The Guardian anni fa l’aveva definita “attrezzatura fantasma”, era il 2015 e reti, lenze e armamentari vari relativi alla pesca industriale erano già un problema. A certificare che a distanza di qualche anno quel problema, invece di risolversi, si moltiplica è un rapporto diffuso da Greenpeace.
Louisa Casson, responsabile della campagna per gli oceani nella filiale britannica dell’organizzazione ambientalista, ha dichiarato: “L'attrezzatura fantasma è una delle principali fonti di inquinamento plastico oceanico e influisce sulla vita marina nel Regno Unito tanto quanto in qualsiasi altro luogo”. I numeri effettivamente sono sconcertanti: sono infatti circa 640 mila le tonnellate di materiale per la pesca abbandonate in mare, pari a 55 mila autobus a due piani.
L’anno scorso, a largo della costa di Oaxaca, in Messico, sono state trovate morte 300 tartarughe marine, rimaste impigliate, soffocate o comunque uccise dall’ “attrezzatura fantasma”. Prosegue la Casson “Le reti possono rappresentare una minaccia per la fauna selvatica per anni o decenni, portandosi dietro tutto, da piccoli pesci e crostacei a tartarughe, uccelli marini e persino balene in via di estinzione. Diffondendosi nell'oceano tramite maree e correnti, gli attrezzi da pesca persi e scartati ora vanno alla deriva sulle coste dell'Artico, si lavano sulle remote isole del Pacifico, si intrecciano sulle barriere coralline e sporcano i fondali marini”. L’attrezzatura da pesca abbandonata in mare rappresenta il 10% dell’inquinamento da plastica degli oceani, percentuale che si alza fino al 70% per quanto riguarda il peso delle macroplastiche (quelle superiori ai 20cm).

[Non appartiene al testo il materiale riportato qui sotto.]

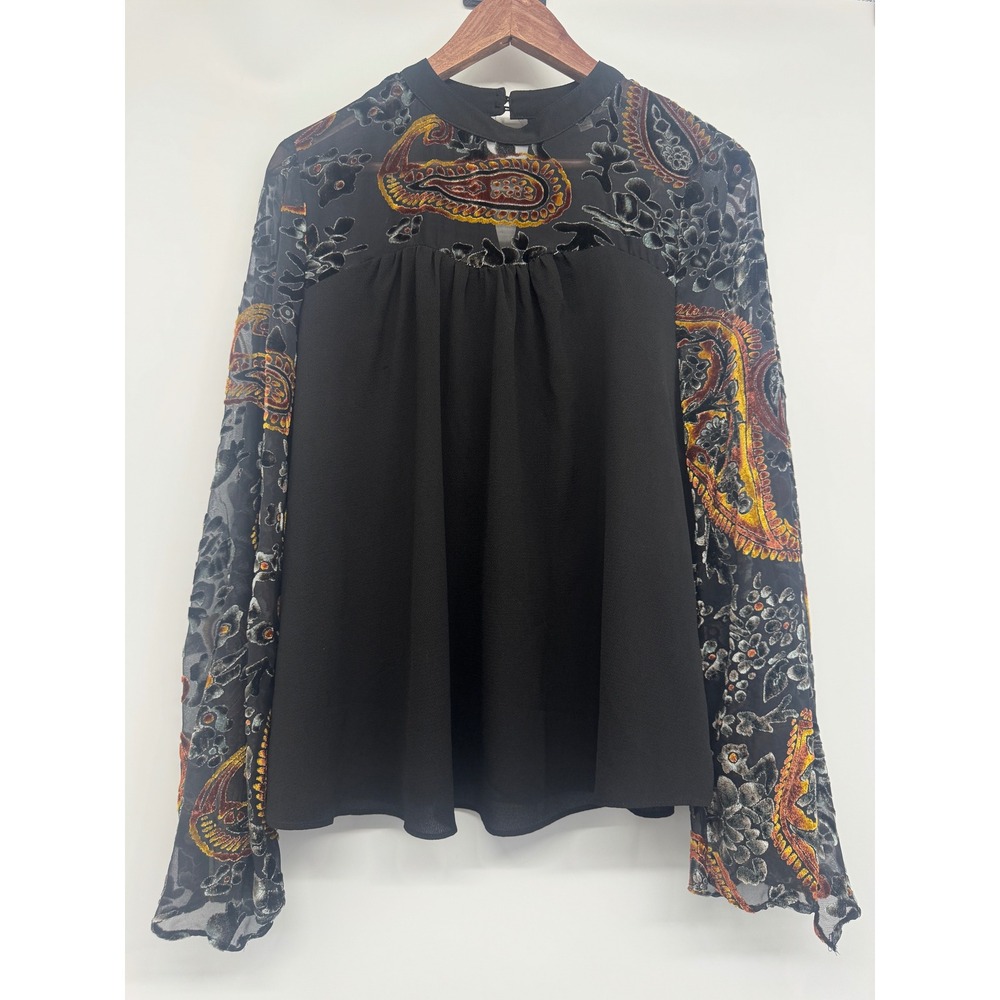 Umgee‎ Shirt Women S Black Velvet Burnout Paisley Sheer Whimsigoth Boho Festival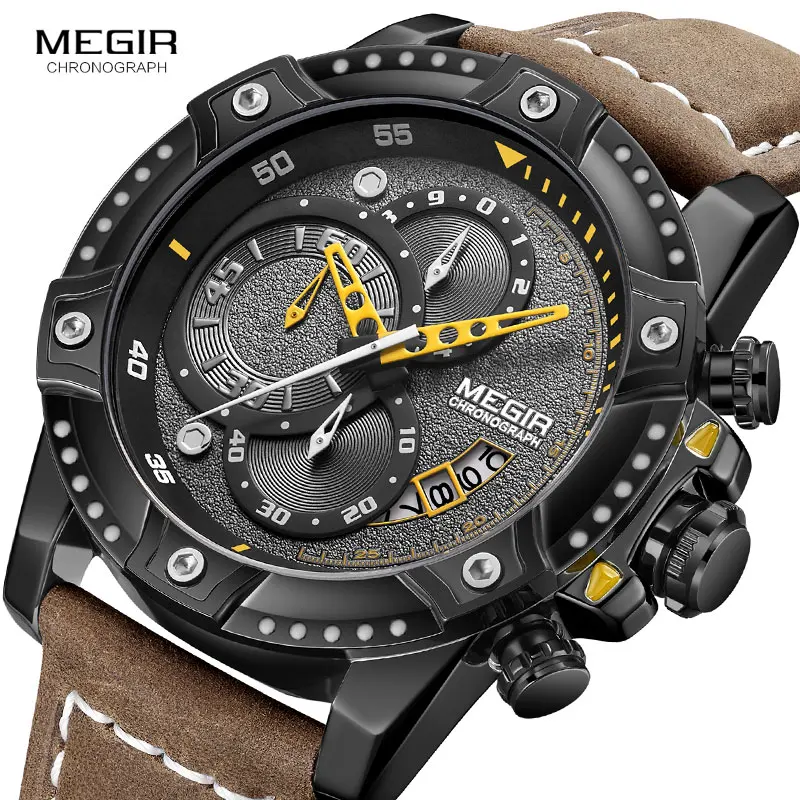 MEGIR часы для мужчин лучший бренд класса люкс Хронограф Наручные часы модные черные водонепроницаемые военные спортивные мужские часы Relogio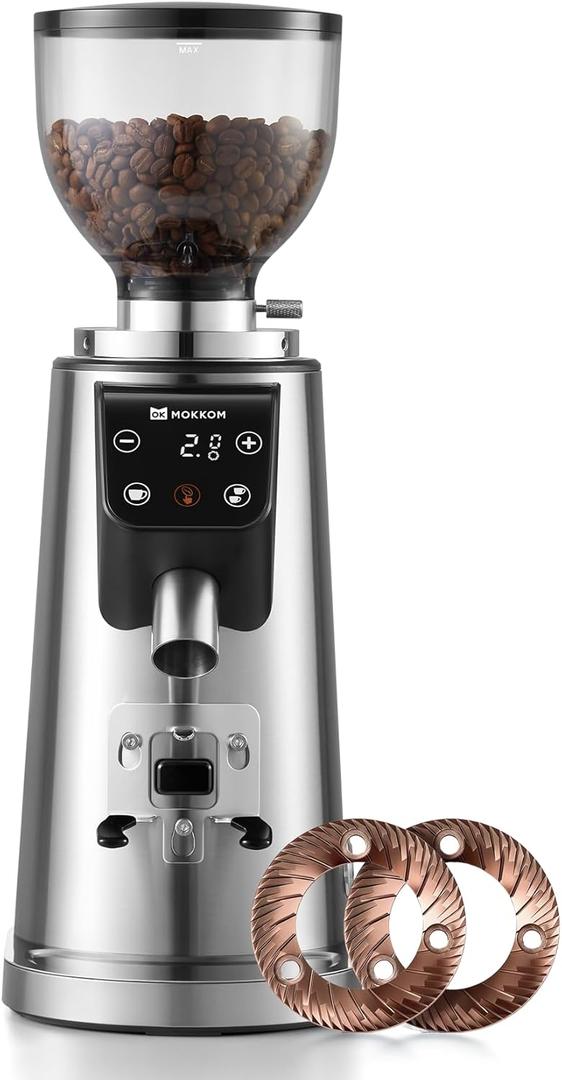 Titanium 64mm Flat Burr Coffee Grinder for Espresso,100 Settings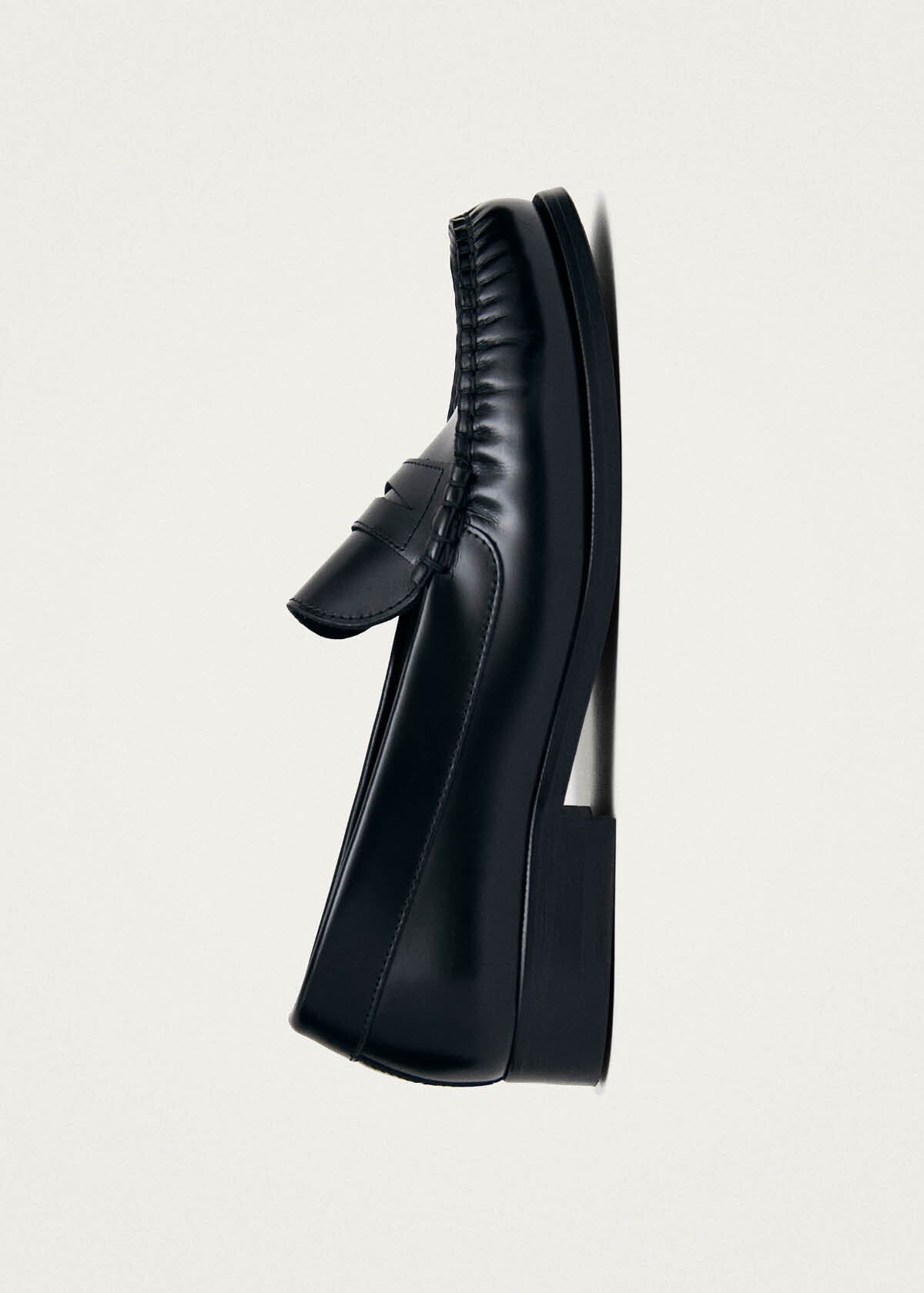 Rivet Black Leather Loafers - Image 5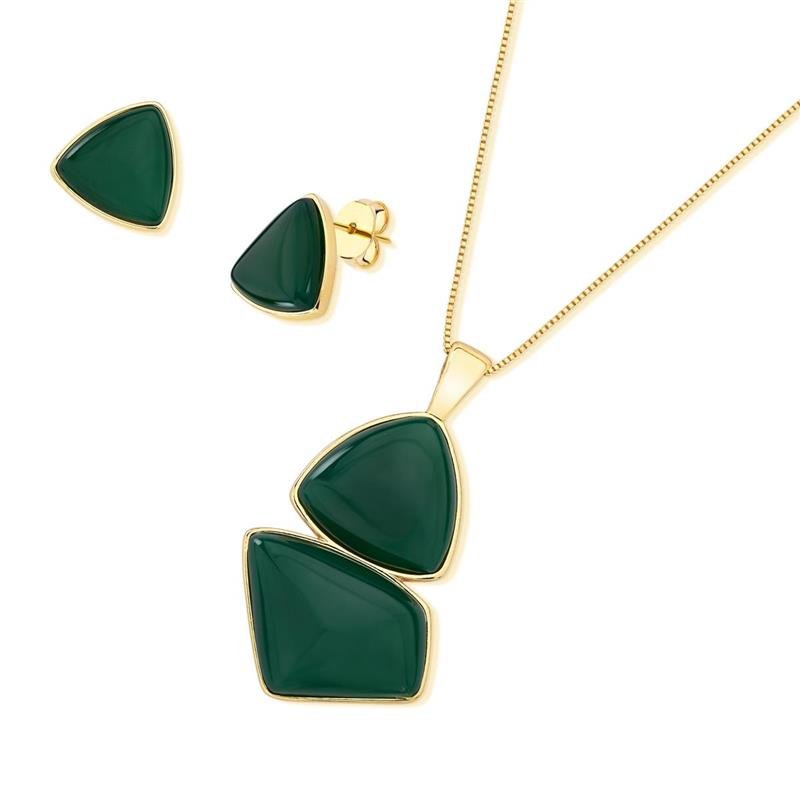 Conjunto Brilhato Pedras Naturais Brasileiras — Folheado a Ouro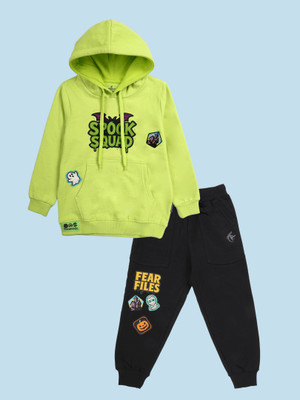 KiddoPanti Boys Casual Sweatshirt Track Pants(Neon Green & Black)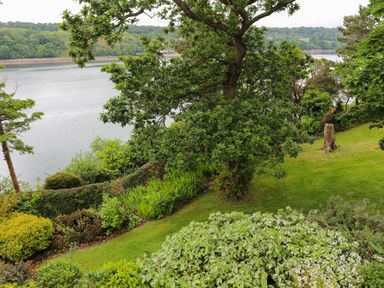 A garden with various bushes and trees overlooking a body of water at Ynys Castell in Menai Bridge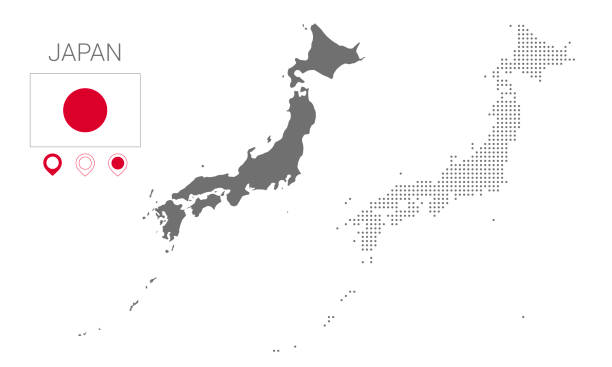 Map of Japan silhouette, Japan map dotted, Flag of Japan. Map of Japan silhouette, Japan map dotted, Flag of Japan. Vector illustration flat japan map fukushima prefecture cartography stock illustrations
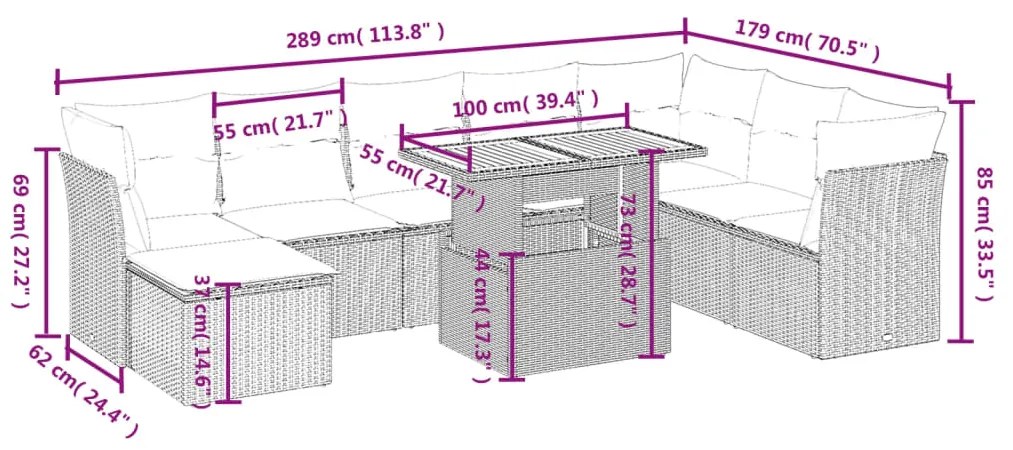 Set divani da giardino 9 pz con cuscini nero in polyrattan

Poco tempo fa è stata rintracciato un accumulo di plastica nel Nord del Pacifico, le cosiddette isole di rifiuti galleggianti, e conteneva 42 mila tonnellate di attrezzatura fantasma. In un’altra spedizione nel Sud del Pacifico, in un tratto della spiaggia dell’isola disabitata di Henderson lungo 2,5 km, sono state trovate 18 tonnellate di rifiuti della pesca industriale. Nel rapporto di Greenpeace si legge che il danno ambientale in questione è dovuto a “La scarsa regolamentazione e il lento progresso politico nella creazione di santuari oceanici che sono vietati alla pesca industriale”. Greenpeace chiede che le Nazioni Unite forniscano un quadro globale per la protezione dei mari, aprendo la strada a una rete globale di santuari oceanici che coprono il 30% degli oceani del mondo entro il 2030.